Thursday, January 31, 2013
Just a quick down and dirty WIP post. Eric and I have been discussing our basing color scheme etc. this week. Although the entire battalion isn't finished yet, I decided to try things out tonight between loads of laundry. Unfortunately against my better judgement I also decided to spray the stand with Dullcote and it came out shiny. Eric will get more into basing stuff and things in the near future, but this at least gives us all a bit of a sneak peek at how things will look. :o)
Monday, January 28, 2013
Digital pictures... Friend or Foe? :-/
Well, I figured it was about time to give this blog a little eye candy. :o) These are my very first ever painted 28mm Napoleonics.
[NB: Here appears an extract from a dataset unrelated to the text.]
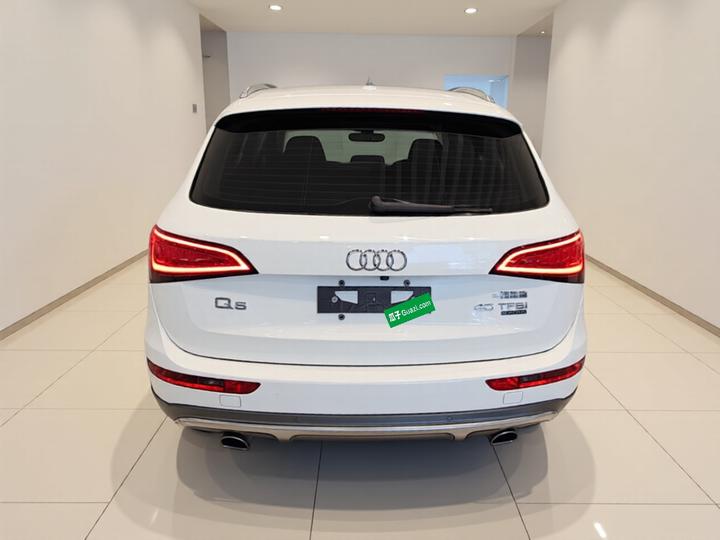 Q5 2017 Plus 40 TFSI Tech photo 5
Their names are Fritz, Jurgen, Karl, and... Just kidding (about the names anyway) ;-)
These guys are basically my first stand of figs completed for the Fusilier Battalion of my Prussian Leib Infantry Regiment including a NCO. The models are from Perry Miniatures which I will be using to fill out the bulk of my Prussian army. As these were my "prototype" models as well as my introduction to "real scale" 28mm miniatures, there was a bit of tweaking and tinkering that hopefully is out of the way so that the painting process picks up the pace a bit. Painting all the gear is what really took the longest, plus the fact that 99% of the reference pics out there only show the front didn't help either.
I always prime in black regardless, and I usually paint using a hybrid black lining technique as I like my minis clean and well defined. The black primer certainly helps with this, and I always find a number of white specks peeking out when I prime with white which makes it much more troublesome for me anyway. Coverage usually isn't a problem, but I do have the old GW Foundation Paints sitting around to mix in with a red, yellow, or white base coat if needed.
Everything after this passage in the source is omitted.